In a nearby parking lot, Prevention Point Pittsburgh hands out clean needles, helping to prevent the spread of infections. A year ago in the same lot, Prevention Point started a program where people suffering from opioid addiction can get a prescription for buprenorphine — a medicine that some studies have shown cut the likelihood of dying from an overdose in half. 

The war on drugs continues in plain site at the intersection of Frankstown and Homewood avenues. (Google street view)

These community-based programs are a response to the fact that life-saving medicine can be difficult to obtain for people suffering from addiction. If a person sustains a gunshot wound, they are typically given the best care possible on their way to the hospital. But harm reduction advocates say for people suffering from addiction, it’s hard for them to receive medicine that can prevent them from dying of an overdose. The challenges include long wait times to get into treatment facilities, burdensome regulations on how the medicine can be administered, underutilized local programs and additional personal challenges people face who are dealing with addiction. 

In response to a record number of overdose deaths during the COVID pandemic, the harm reduction approach is gaining momentum locally and nationally. In November, three ambulances in the City of Pittsburgh were equipped with buprenorphine for the first time. In December, the federal government opened up its first grant program targeted at harm reduction work. Gov. Tom Wolf’s administration has promised to increase its harm reduction efforts in the new year.

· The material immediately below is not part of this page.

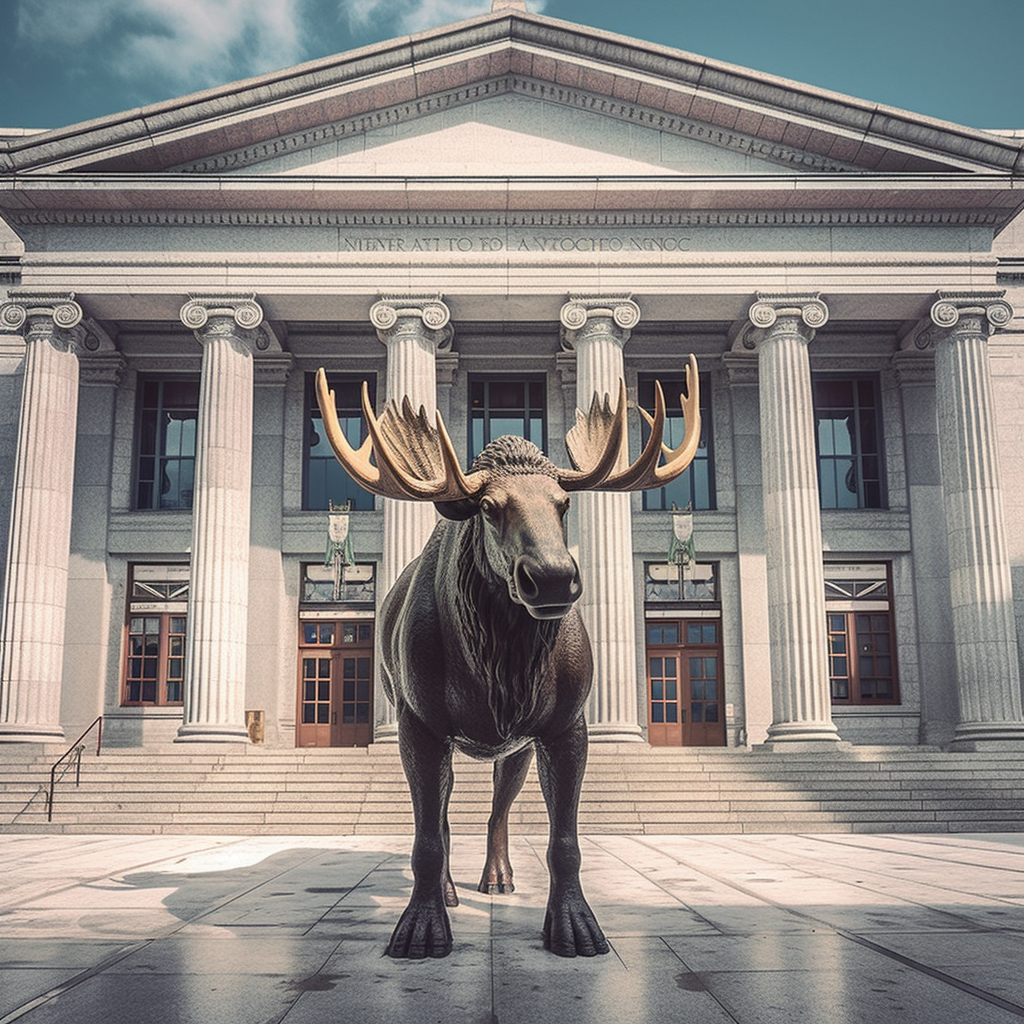 Majestic Bull Moose in front of Government Building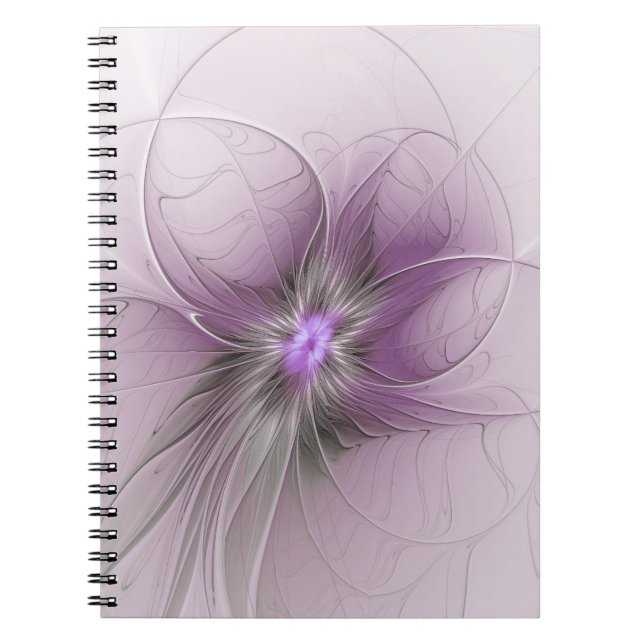 Cuaderno Little Beauty Modern Mauve Gray Fractal Art Flower (Frente)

The changes are needed, according to Richardson, who sees the impact of more powerful opioids every day on the corner in Homewood. “The thing is they have synthetic drugs like fentanyl, not only in heroin but in coke and pills. They are putting it in everything and people are dying,” he said. “A lot of times people don’t know there is fentanyl. And some do know and just don’t care. And they take a little bit, and it takes them out.”